I begin by emphasizing that I'm no expert!
I've understood oven spring to describe the rise that occurs after the bread is put into the oven to bake. If that is how the term is being used here, it is unrealistic to expect the volume to double. At most, I might expect the distance from top of loaf pan to the highest point of the bread to double. In other words, after the final rise in the loaf pan on the counter, the top of the loaf might be 1/2 inch above the top of the pan when it goes into the oven and 1 inch above when it comes out.

As to temperature the rule of thumb is to reduce the temp 25 degrees in a glass pan. I bake white bread at 350F for 25 minutes. 425 for 35 minutes in glass loaf pan seems pretty hot to me.


----------



## Gretchen (Sep 16, 2006)

rfwu said:
			
		

> It rises when I leave the dough in a warm spot but not in the oven. I mix the yeast with warm water but not with sugar yet. I'm planning to add sugar next time. I'm also going to mix the yeast more thoroughly when I add it.


 
Whoa. You ARE letting it rise in the baking dish aren't you? You let it double in the pan, put it in the oven and bake it. Oven spring refers to the amount that RISEN dough increases in the oven. 

Maybe you just left out the second rise in the above quote. But it certainly would explain it. Tone your oven down. That higher temp is for a different kind of bread--crusty atrisanal loaves often.

Salt in bread is good--better flavor. It may inhibit yeast when just in water but in bread dough, it is a valued ingredient. don't leave it out.


----------



## TexanFrench (Sep 16, 2006)

Gretchen said:
			
		

> Whoa. You ARE letting it rise in the baking dish aren't you? You let it double in the pan, put it in the oven and bake it. Oven spring refers to the amount that RISEN dough increases in the oven.
> 
> Maybe you just left out the second rise in the above quote. But it certainly would explain it. Tone your oven down. That higher temp is for a different kind of bread--crusty atrisanal loaves often.
> 
> Salt in bread is good--better flavor. It may inhibit yeast when just in water but in bread dough, it is a valued ingredient. don't leave it out.



Salt should be mixed in with the flour, not put into the yeasty proofing water.  

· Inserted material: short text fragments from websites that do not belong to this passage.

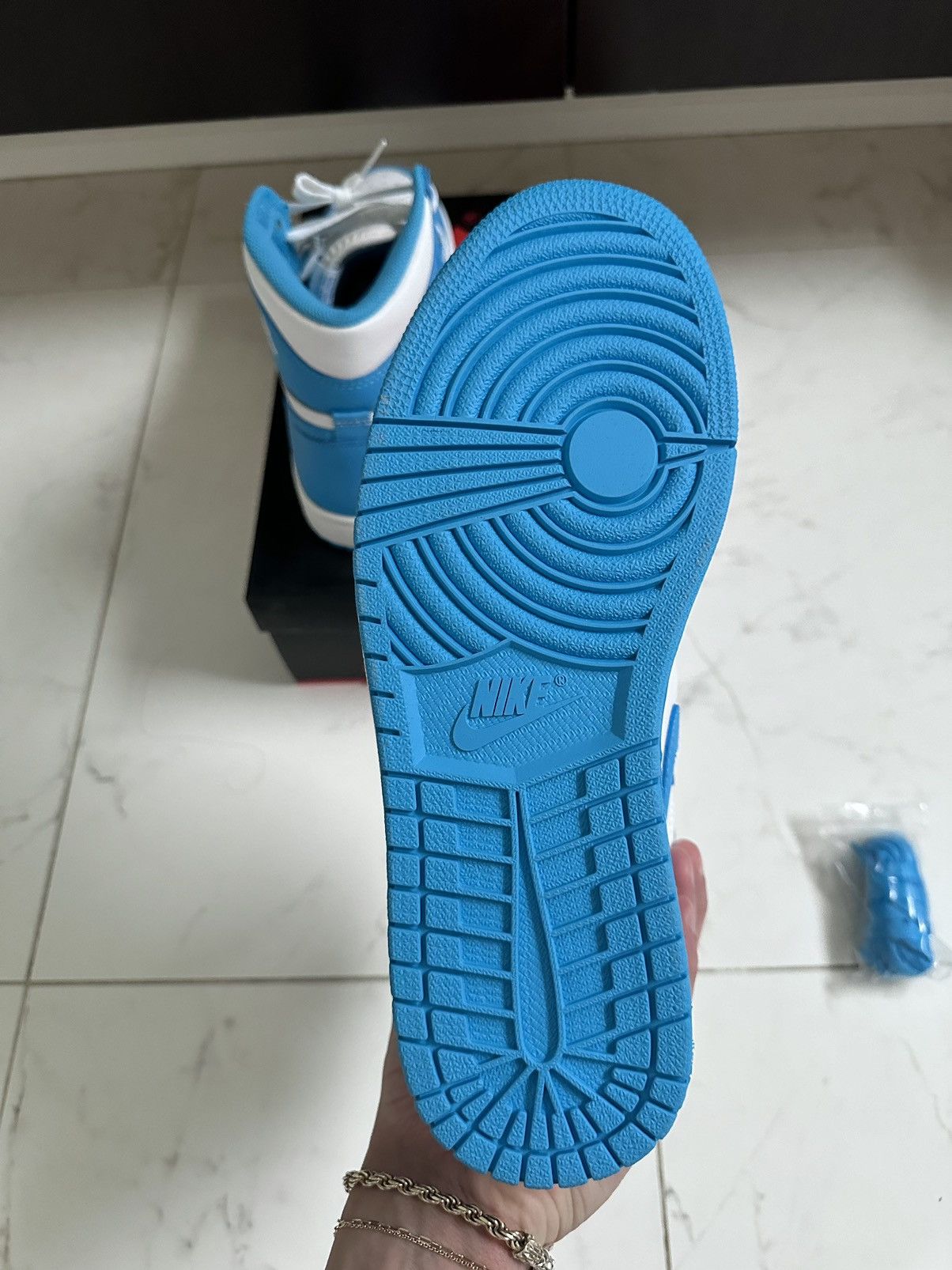 Jordan Brand 2015 Jordan 1 Retro High OG UNC Size US 8.5 / EU 41-42 - 6 Thumbnail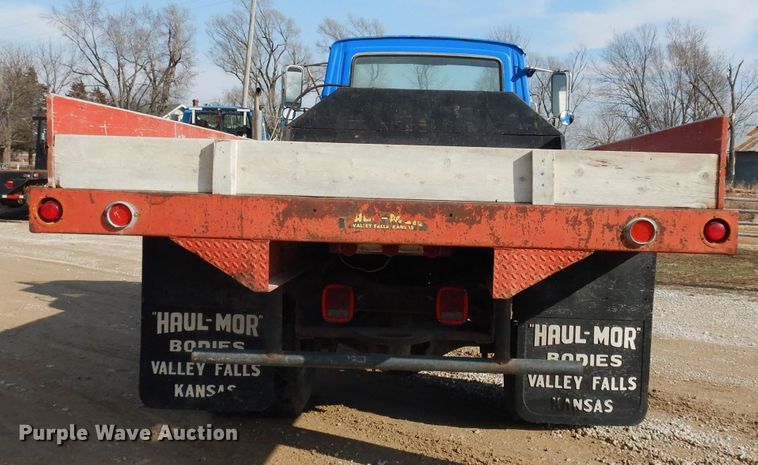 image for item DG6252 1982 Ford L8000 dump flatbed truck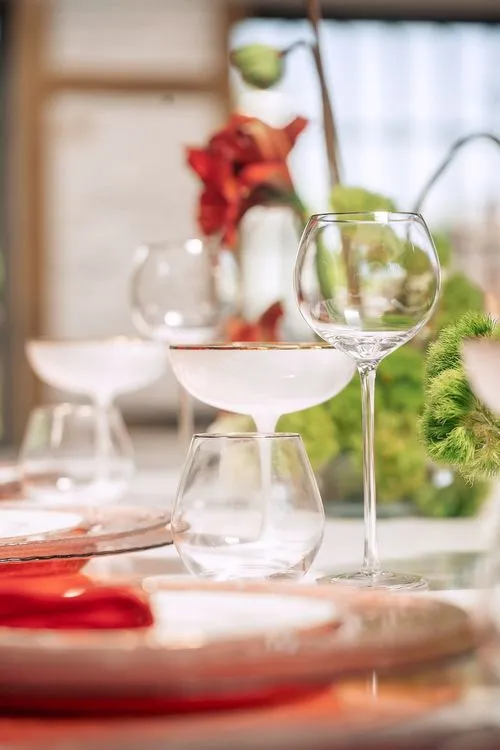 Красный сет за прямоугольным столом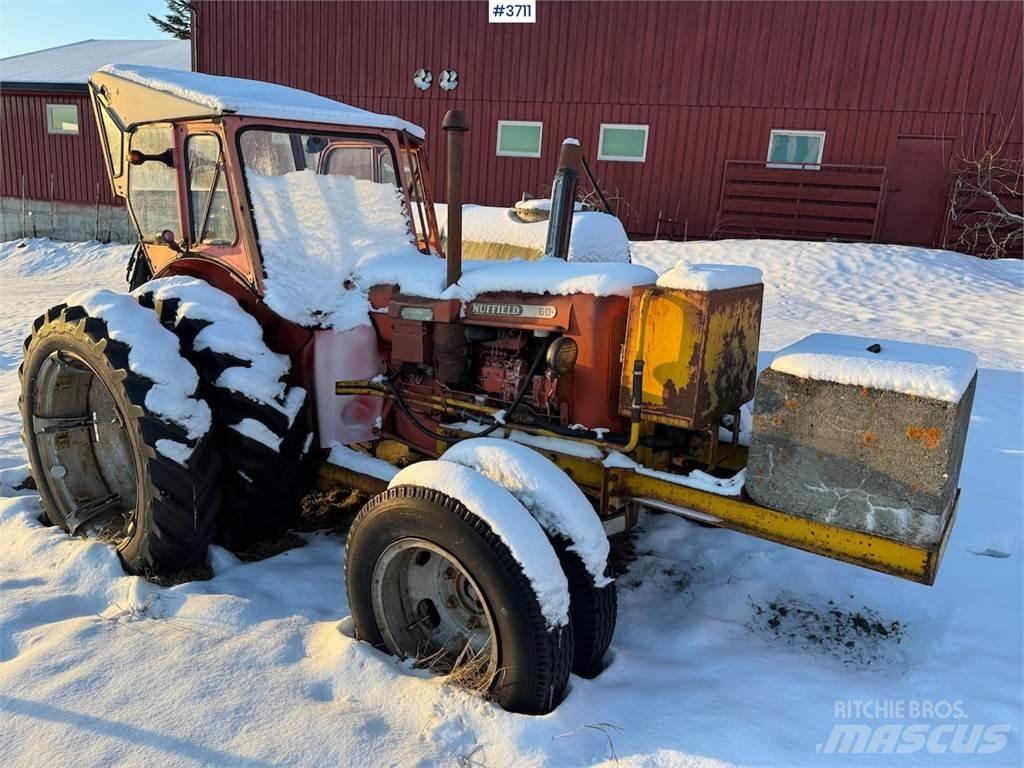 Nuffield 60 Traktorit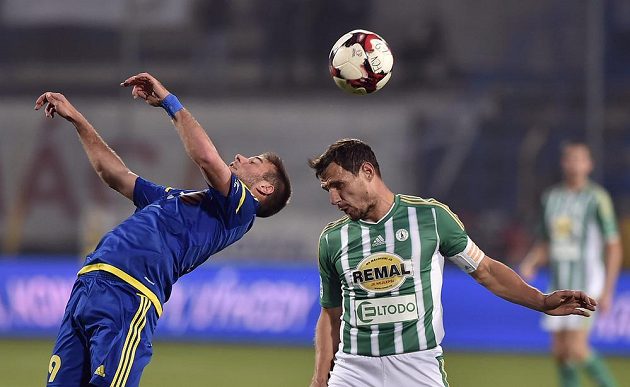 Zleva Marin Popović z Jihlavy a Josef Jindřišek z Bohemians v souboji o míč v utkání 11. kola HET ligy.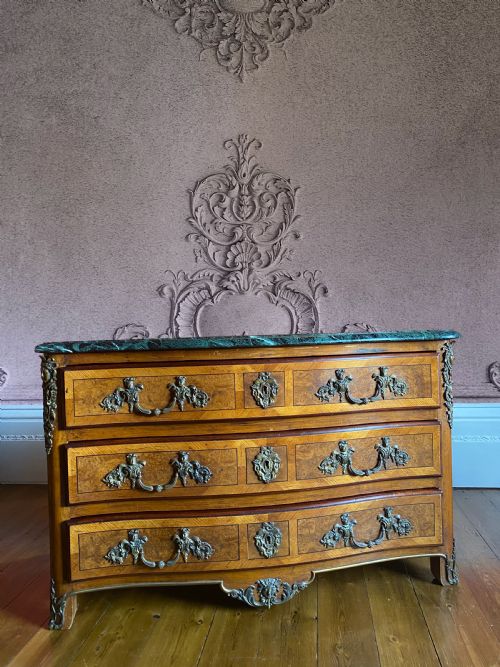 A LARGE MARBLE TOPPED LOUIS XV STYLE REGENCY COMMODE CHEST WITH ORMOLU MOUNTS - ADDITIONAL PHOTO 1
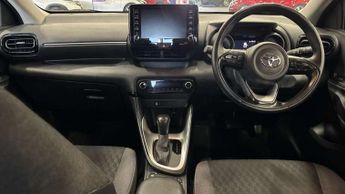 Toyota Yaris 1.5 Hybrid Design 5dr CVT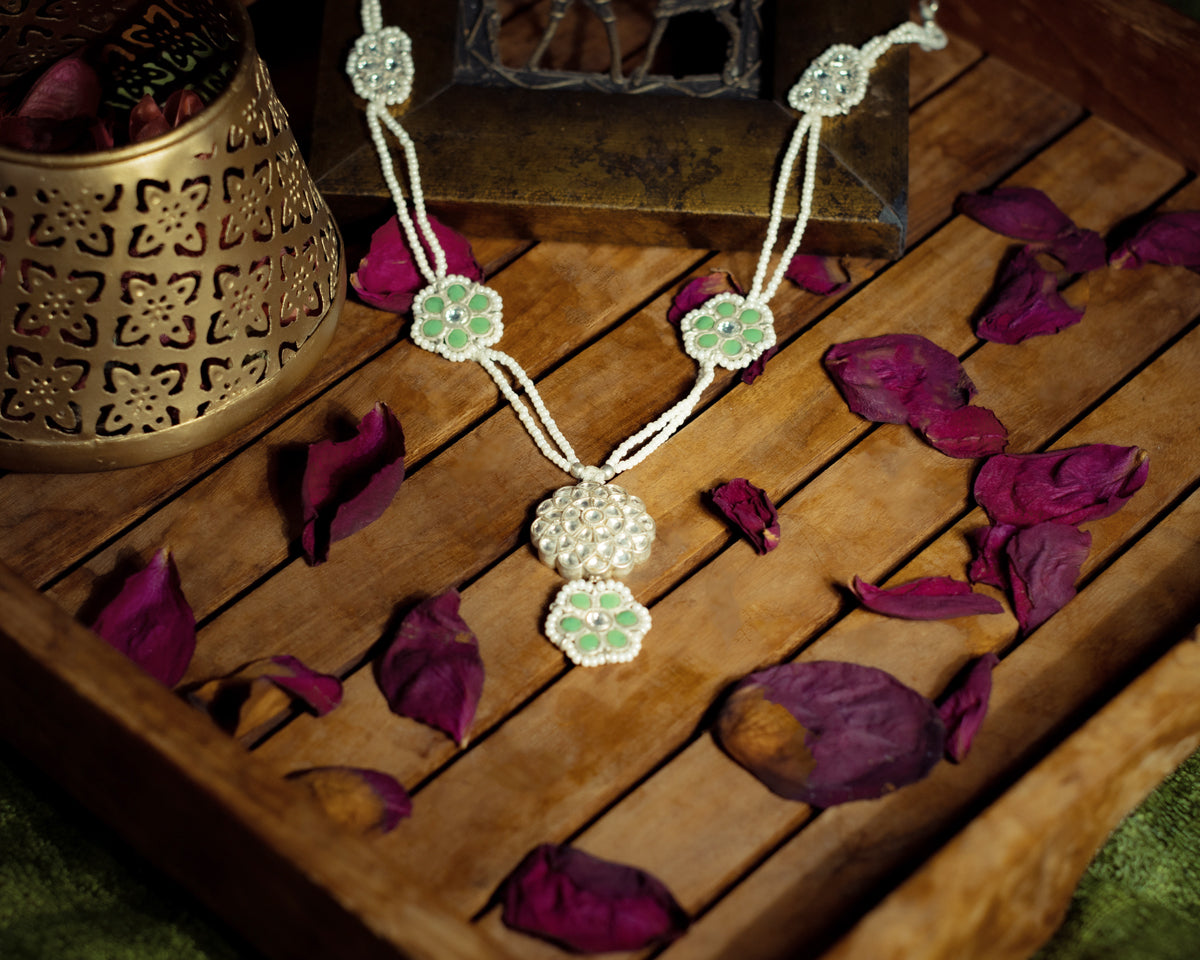 Blossom Pearl & Kundan Necklace - EVM_N0046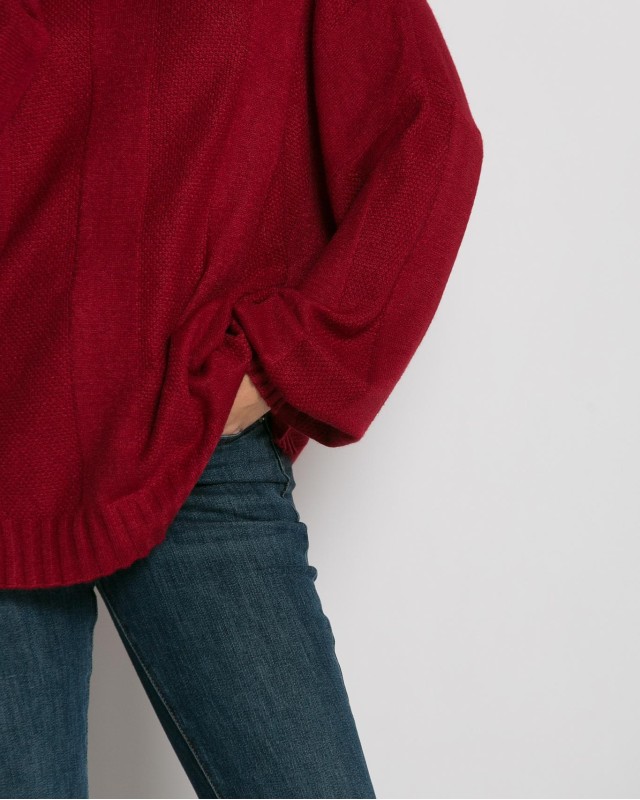 Μπλούζα πλεκτή με σχέδιο στο τελείωμα μπορντώ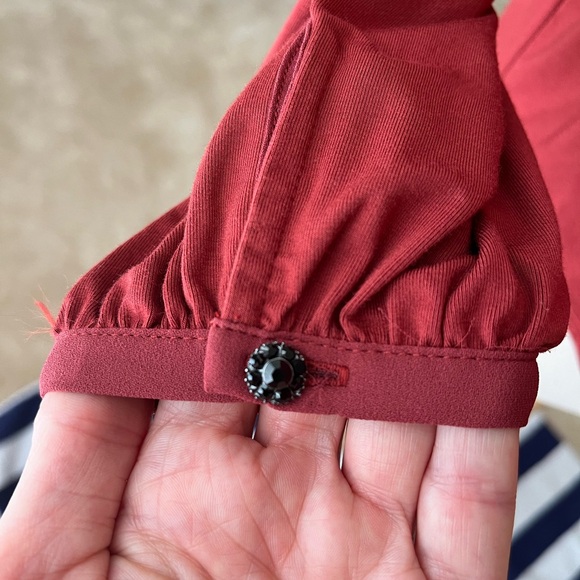 EUC - WHBM Ruffle Front Top - Picture 3 of 5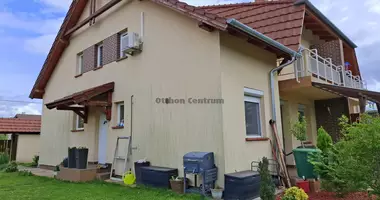 5 room house in Kistarcsa, Hungary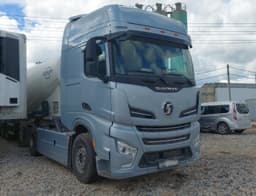 Shacman (Shaanxi) SX* 4x2 Седельный тягач - 2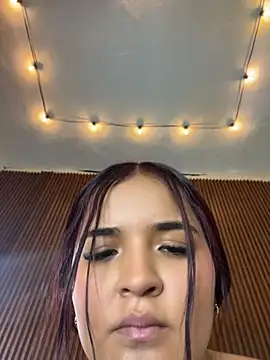 CrystalCarrington webcam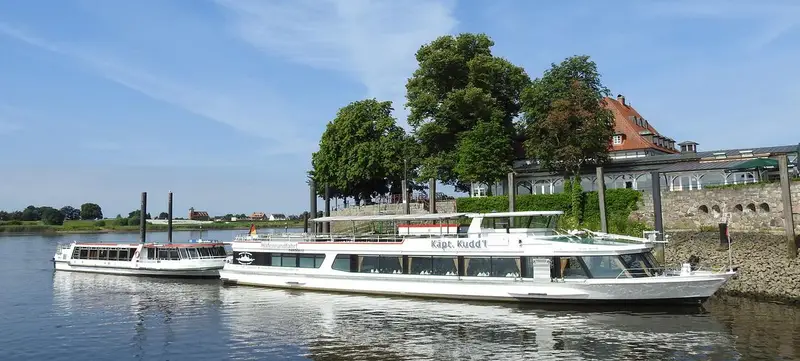 Foto 1 von Luxusfahrgastschiff Käpt. Kudd'l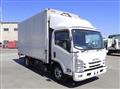 2020 Isuzu Elf Truck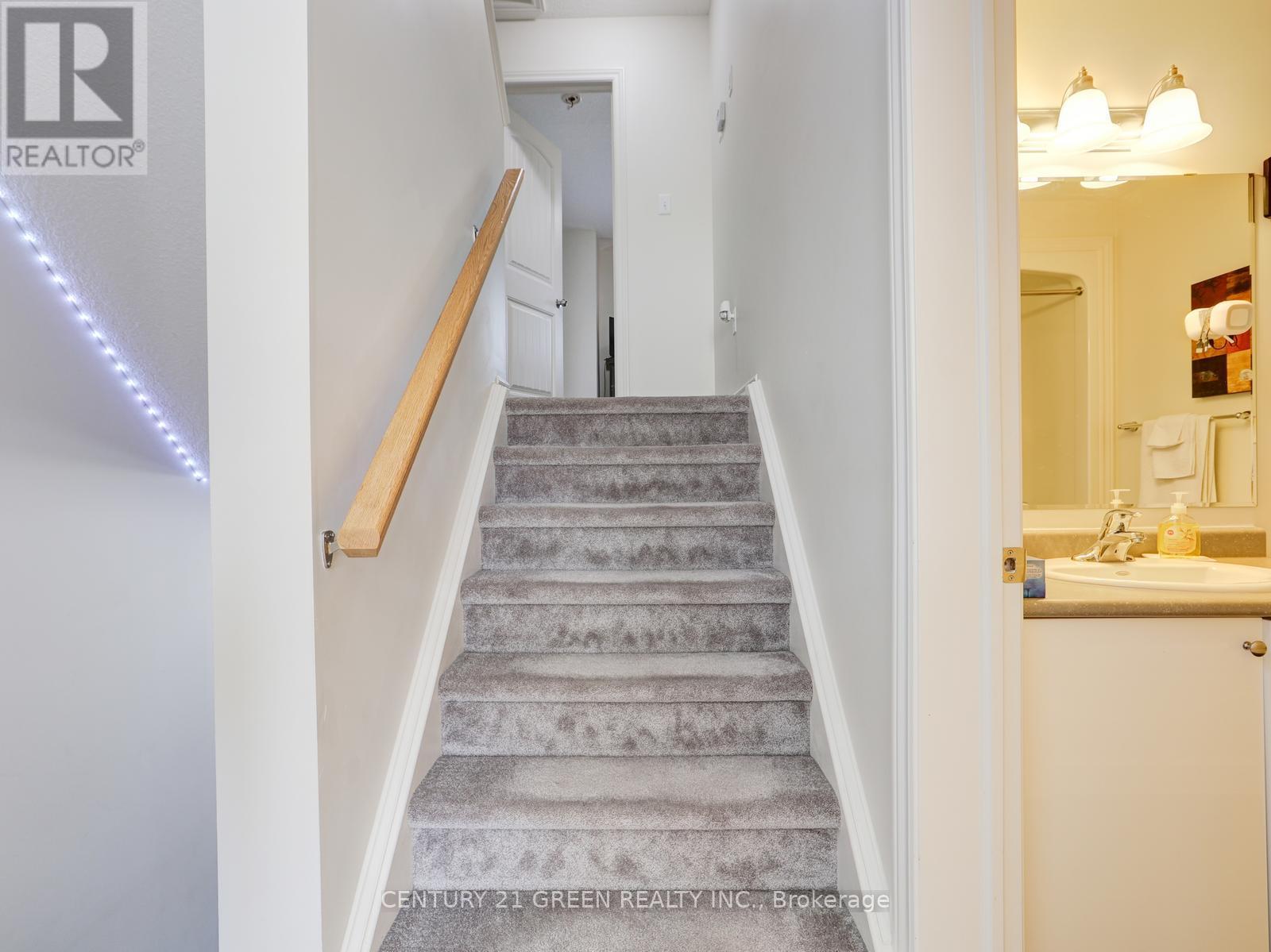 11 - 12 Poplar Drive, Cambridge, Ontario  N3C 3X2 - Photo 37 - X12341550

Let us know how your next batch turns out!


----------



## Gretchen (Sep 16, 2006)

TexanFrench said:
			
		

> Salt should be mixed in with the flour, not put into the yeasty proofing water.
> 
> Let us know how your next batch turns out!


 
That's what I said, meant. Someone else was saying that salt slowed down the yeast and I assumed they meant in the proofing water.


----------



## rfwu (Sep 16, 2006)

Gretchen said:
			
		

> Whoa. You ARE letting it rise in the baking dish aren't you? You let it double in the pan, put it in the oven and bake it. Oven spring refers to the amount that RISEN dough increases in the oven.
> 
> Maybe you just left out the second rise in the above quote. But it certainly would explain it. Tone your oven down. That higher temp is for a different kind of bread--crusty atrisanal loaves often.
> 
> Salt in bread is good--better flavor. It may inhibit yeast when just in water but in bread dough, it is a valued ingredient. don't leave it out.


 
No, I actually do perform the second rise though it tends to take much longer than the recipe specifies.  It's probably the yeast.


----------



## Chausiubao (Sep 18, 2006)

Salt kills yeast, so try not to combine those two ingredients until the mixing stage. And if you're having trouble proofing the yeast in water, then use instant yeast, you don't need to proof that first, you can just add it as a dry ingredient. 

If oven spring is the amount of rise that the dough experiences in the oven, then theres two reasons why it happens. First, the increasing temperature increases the rate of yeast fermentation in the dough, so the quality and liveliness of your yeast must be taken into account. I think that the other factor is the amount of water in your dough. When the dough heast up past the boiling point of water (225 Fahrenheit or 100 celsius), it will vaporize, turn into water vapor, and lift the dough a little.

So maybe good quality yeast, and a dough that isn't too dry will help you out the most. Maybe using bread flour will help more too, bread flour has more gluten, which is supposed to absorb more water. 

I always use instant yeast unless i can't help it, and oven spring is never a problem.


----------



## Gretchen (Sep 18, 2006)

And don't forget your oven temp. That isn't going to let much more happen. I think it is too high.


----------



## rfwu (Sep 21, 2006)

It rose!  So it was the yeast after all!  Thank you all so much!

I added a spoonful of sugar to the yeast mixture and it became all frothy like beer or something.  Not surprising since beer is made with yeast.


----------



## XeniA (Sep 21, 2006)

"... and how high is your mother?"

Ah, the mental imagery that this thread is providing! First I cannot get out of my mind the picture of a very large coiled spring in your oven, and as for the above, does it really need an explanation?!

On a more serious note: get ahold of the Paula Figoni book to really understand what you're doing and how to control it. I spent much of last winter learning how to make one specific type of bread (tsoureki) and only after much help from Ms. Figoni and a lovely, lovely woman at King Arthur was I able to make beautiful, consistent loaves time and time again.


----------